═════ DATA TO EXAMINE ═════

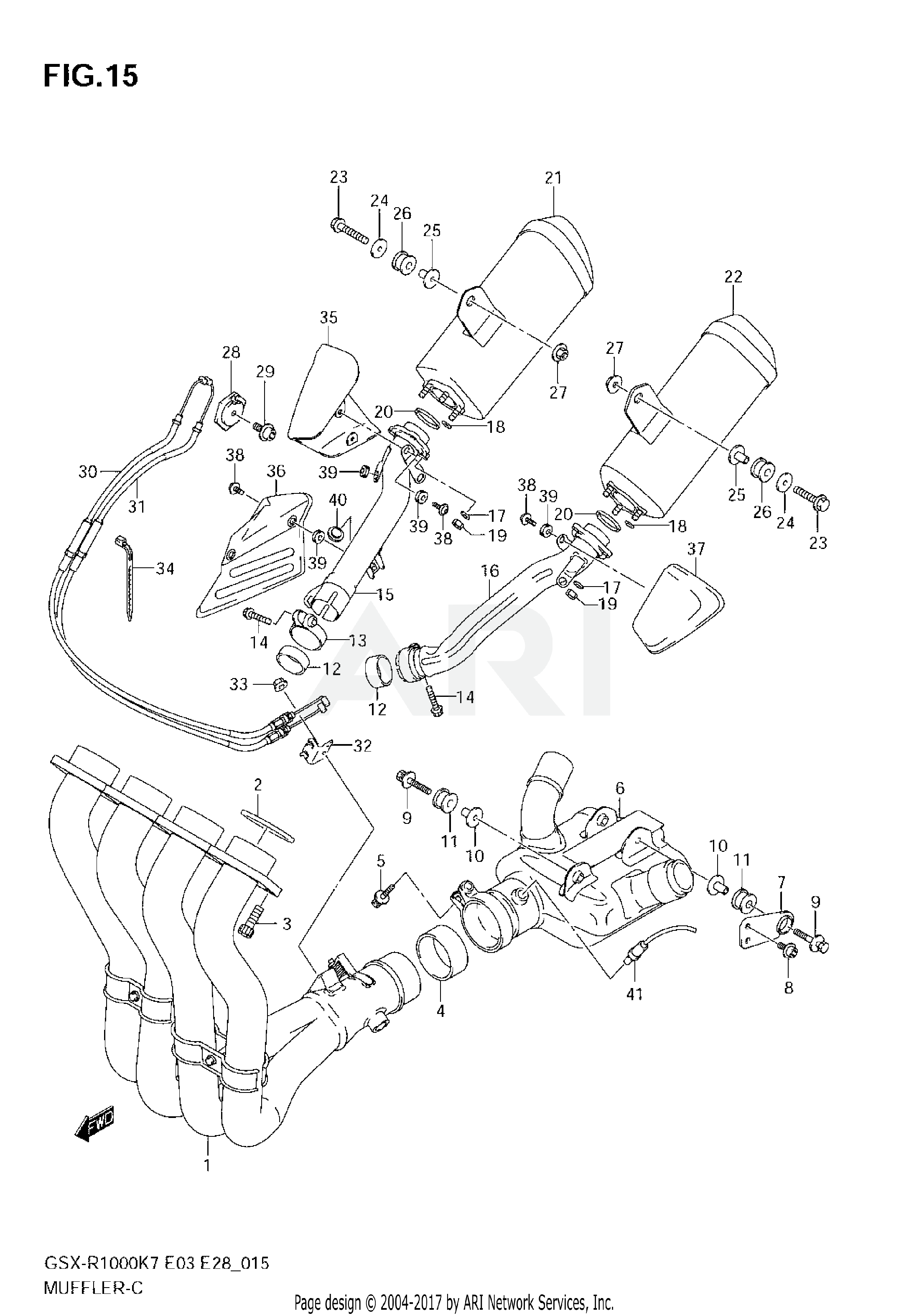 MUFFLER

═════
═════ DATA TO EXAMINE ═════

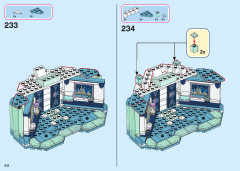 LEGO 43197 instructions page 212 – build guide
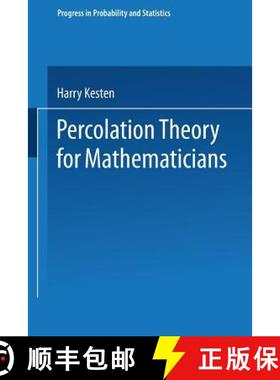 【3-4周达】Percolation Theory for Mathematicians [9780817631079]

═════

_WHAT THE EXERCISE ASKS_:
Would you set down only the lines above from the line with "LEGO 43197 instructions" to the line with "for Mathematicians [9780817631079]", both included, exactly as they stand and without the pictures?

_ANSWER TO THE EXERCISE_:
 LEGO 43197 instructions page 212 – build guide
 【3-4周达】Percolation Theory for Mathematicians [9780817631079]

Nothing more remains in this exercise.